Helena guessed that the girl was sincere. She would have married Edgar without a murmur of protest, but she would have been overwhelmed by him.

“Thank you,” she said and saw the girl almost at the same moment suddenly stare off to her right as if her eyes would pop from their sockets. She visibly paled.

“Oh,” she murmured almost inaudibly.

Edgar had come up and was greeting the Graingers. Helena linked her arm through Fanny’s. “Come and meet my father-in-law,” she said. He was speaking with Helena’s aunt and the young man who had arrived earlier.

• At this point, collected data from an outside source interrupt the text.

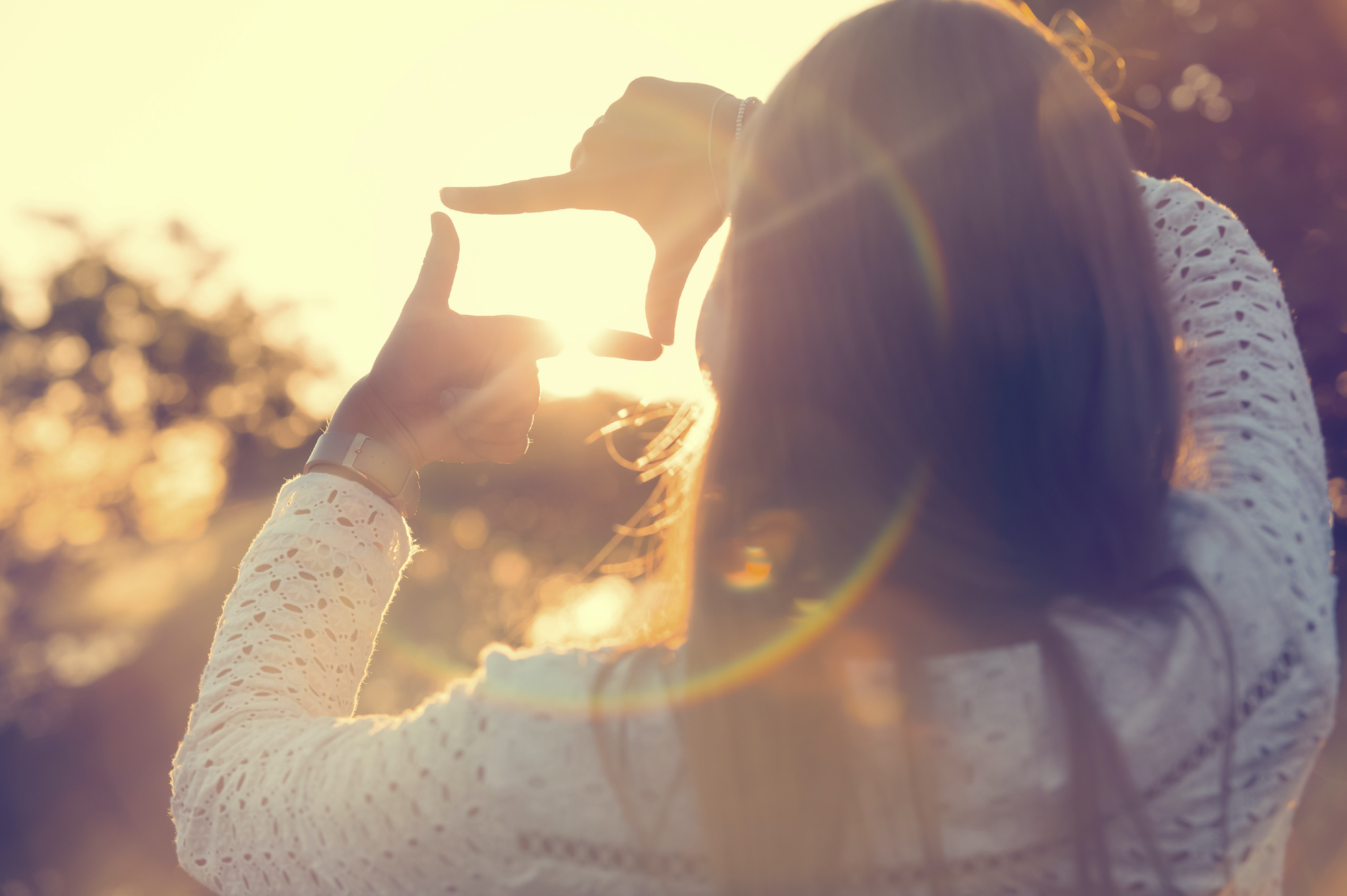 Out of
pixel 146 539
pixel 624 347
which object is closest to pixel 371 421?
pixel 624 347

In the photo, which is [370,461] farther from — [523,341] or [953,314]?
[953,314]

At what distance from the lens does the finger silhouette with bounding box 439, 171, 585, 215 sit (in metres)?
1.82

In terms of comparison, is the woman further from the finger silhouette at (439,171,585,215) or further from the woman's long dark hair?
the finger silhouette at (439,171,585,215)

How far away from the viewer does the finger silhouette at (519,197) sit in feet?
5.97

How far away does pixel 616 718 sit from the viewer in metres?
1.00

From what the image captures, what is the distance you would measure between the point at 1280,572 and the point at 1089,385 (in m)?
0.30

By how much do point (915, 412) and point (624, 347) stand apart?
0.71 meters

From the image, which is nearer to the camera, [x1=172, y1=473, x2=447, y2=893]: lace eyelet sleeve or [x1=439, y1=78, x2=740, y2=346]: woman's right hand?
[x1=172, y1=473, x2=447, y2=893]: lace eyelet sleeve

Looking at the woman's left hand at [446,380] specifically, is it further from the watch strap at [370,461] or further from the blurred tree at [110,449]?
the blurred tree at [110,449]

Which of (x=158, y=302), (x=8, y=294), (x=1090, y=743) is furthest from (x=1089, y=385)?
(x=158, y=302)

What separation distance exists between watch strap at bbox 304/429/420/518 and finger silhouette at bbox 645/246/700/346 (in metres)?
0.55

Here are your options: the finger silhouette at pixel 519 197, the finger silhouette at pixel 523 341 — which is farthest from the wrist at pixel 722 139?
the finger silhouette at pixel 523 341

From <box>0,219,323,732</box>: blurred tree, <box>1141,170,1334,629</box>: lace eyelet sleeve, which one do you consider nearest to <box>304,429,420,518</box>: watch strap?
<box>1141,170,1334,629</box>: lace eyelet sleeve

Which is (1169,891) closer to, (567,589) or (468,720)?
(468,720) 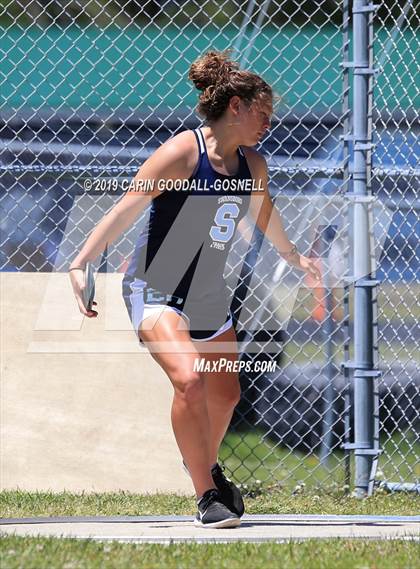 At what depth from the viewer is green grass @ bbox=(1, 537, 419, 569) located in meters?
3.42

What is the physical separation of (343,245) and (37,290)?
5.30 ft

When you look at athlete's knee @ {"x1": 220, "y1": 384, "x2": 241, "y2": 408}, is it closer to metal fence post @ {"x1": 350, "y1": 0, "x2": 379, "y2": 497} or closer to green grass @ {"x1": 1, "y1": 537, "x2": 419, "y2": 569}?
green grass @ {"x1": 1, "y1": 537, "x2": 419, "y2": 569}

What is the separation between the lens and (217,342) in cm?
463

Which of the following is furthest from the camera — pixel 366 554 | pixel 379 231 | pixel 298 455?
pixel 298 455

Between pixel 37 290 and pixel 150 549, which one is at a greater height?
pixel 37 290

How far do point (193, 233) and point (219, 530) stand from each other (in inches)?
46.3

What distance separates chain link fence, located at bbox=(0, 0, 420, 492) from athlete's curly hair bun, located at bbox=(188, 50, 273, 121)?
→ 38.7 inches

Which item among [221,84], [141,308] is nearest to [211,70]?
[221,84]

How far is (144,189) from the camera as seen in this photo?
4.46 meters

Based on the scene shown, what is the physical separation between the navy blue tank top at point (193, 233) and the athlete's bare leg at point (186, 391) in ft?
0.57

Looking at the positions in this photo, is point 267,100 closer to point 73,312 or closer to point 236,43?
point 73,312

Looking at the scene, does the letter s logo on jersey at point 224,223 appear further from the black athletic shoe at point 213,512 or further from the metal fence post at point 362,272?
the metal fence post at point 362,272


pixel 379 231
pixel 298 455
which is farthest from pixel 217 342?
pixel 298 455

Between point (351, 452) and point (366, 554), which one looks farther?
point (351, 452) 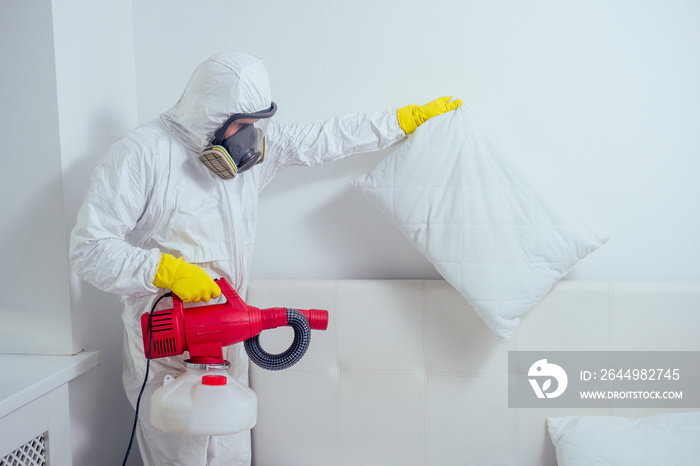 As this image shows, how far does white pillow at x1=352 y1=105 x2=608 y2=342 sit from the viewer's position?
51.4 inches

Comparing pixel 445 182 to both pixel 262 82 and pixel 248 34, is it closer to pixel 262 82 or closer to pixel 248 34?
pixel 262 82

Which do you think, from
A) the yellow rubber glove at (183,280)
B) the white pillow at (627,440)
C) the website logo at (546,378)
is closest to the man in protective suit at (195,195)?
the yellow rubber glove at (183,280)

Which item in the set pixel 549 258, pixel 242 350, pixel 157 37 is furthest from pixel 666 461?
pixel 157 37

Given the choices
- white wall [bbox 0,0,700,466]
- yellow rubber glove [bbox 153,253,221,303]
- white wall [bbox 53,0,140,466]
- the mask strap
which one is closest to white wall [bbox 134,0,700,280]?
white wall [bbox 0,0,700,466]

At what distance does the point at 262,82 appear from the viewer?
1203 mm

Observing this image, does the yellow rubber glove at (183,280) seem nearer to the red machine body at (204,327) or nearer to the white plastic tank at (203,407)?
the red machine body at (204,327)

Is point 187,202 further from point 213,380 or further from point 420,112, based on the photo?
point 420,112

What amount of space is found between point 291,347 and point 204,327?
0.20m

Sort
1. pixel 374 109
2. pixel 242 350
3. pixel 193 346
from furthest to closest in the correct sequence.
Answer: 1. pixel 374 109
2. pixel 242 350
3. pixel 193 346

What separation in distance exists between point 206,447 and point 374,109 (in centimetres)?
101

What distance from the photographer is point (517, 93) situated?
4.77 feet

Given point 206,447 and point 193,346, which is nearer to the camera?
point 193,346

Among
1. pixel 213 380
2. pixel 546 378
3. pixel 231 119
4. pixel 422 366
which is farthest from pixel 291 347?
pixel 546 378

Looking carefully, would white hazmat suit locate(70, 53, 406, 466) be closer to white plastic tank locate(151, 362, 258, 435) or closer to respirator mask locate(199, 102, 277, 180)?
respirator mask locate(199, 102, 277, 180) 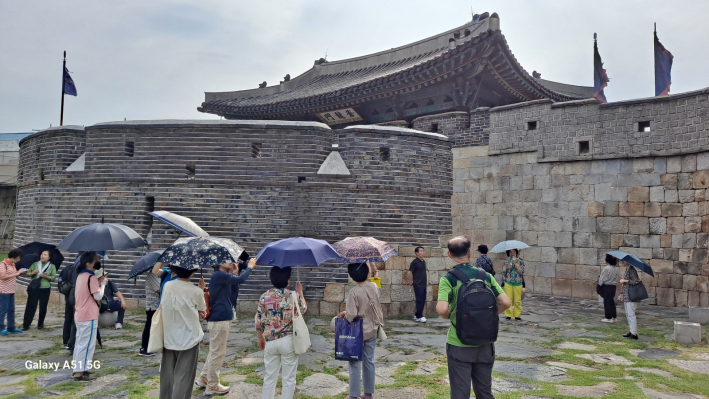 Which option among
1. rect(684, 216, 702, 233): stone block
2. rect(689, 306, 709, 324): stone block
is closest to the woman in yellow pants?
rect(689, 306, 709, 324): stone block

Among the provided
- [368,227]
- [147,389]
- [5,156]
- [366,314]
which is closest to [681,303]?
[368,227]

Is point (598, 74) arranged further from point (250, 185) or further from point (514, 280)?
point (250, 185)

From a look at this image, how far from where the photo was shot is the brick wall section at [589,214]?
10.1 meters

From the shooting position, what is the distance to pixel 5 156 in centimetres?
2081

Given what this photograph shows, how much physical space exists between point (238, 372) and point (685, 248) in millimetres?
9751

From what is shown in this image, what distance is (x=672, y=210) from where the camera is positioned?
34.0 feet

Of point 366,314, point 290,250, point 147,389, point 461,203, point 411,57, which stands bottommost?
point 147,389

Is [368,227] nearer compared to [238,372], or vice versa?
[238,372]

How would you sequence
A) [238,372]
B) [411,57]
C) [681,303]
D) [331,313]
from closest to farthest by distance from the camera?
1. [238,372]
2. [331,313]
3. [681,303]
4. [411,57]

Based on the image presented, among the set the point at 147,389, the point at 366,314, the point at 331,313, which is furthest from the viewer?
the point at 331,313

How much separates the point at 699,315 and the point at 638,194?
3.19 m

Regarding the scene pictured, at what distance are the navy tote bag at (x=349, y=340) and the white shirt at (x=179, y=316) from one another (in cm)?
130

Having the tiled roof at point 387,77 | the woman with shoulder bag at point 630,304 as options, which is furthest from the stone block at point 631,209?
the tiled roof at point 387,77

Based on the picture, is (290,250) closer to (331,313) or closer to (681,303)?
(331,313) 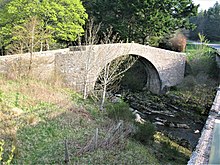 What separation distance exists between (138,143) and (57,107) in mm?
3559

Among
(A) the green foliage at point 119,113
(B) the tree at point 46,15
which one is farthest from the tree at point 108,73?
(B) the tree at point 46,15

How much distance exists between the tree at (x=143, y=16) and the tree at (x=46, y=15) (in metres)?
4.56

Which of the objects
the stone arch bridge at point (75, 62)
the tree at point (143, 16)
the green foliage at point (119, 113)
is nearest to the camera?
the green foliage at point (119, 113)

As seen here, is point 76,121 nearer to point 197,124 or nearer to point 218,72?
point 197,124

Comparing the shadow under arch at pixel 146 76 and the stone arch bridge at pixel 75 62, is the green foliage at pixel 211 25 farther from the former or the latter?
the stone arch bridge at pixel 75 62

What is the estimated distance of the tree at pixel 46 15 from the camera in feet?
50.0

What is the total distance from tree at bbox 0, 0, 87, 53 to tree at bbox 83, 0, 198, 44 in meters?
4.56

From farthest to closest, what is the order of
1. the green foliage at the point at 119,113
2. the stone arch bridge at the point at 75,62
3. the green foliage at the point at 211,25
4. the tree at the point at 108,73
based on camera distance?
the green foliage at the point at 211,25 → the tree at the point at 108,73 → the stone arch bridge at the point at 75,62 → the green foliage at the point at 119,113

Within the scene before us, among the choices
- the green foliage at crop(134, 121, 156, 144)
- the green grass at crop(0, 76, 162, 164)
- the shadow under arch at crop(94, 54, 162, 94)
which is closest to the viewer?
the green grass at crop(0, 76, 162, 164)

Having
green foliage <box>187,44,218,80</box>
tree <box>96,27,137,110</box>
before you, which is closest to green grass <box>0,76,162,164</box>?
tree <box>96,27,137,110</box>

Helena had been introduced to him but had not had a chance to converse with him.

“Papa,” she said, “this is Miss Grainger, just lately arrived from London with her mama and papa.”

Fanny curtsied and focused the whole of her attention on Mr. Downes. It seemed to Helena that she was close to fainting.

“Ah,” Mr. Downes said heartily. “As pretty as a picture. Welcome to my home, Miss Grainger. And—Sir Webster and Lady Grainger?” Edgar had brought them across the room. “Welcome. You met Mrs. Cross in London, I daresay. Allow me to present Mr. Sperling, a young gentleman my son recently discovered in London as a particularly bright prospect for our business. We need gentlemen of education and breeding and enterprise to fill the more challenging positions and to rise to heights of responsibility and authority and wealth. I daresay that in five or ten years Mr. Sperling may make
me look like a pauper.” He rubbed his hands together and laughed merrily.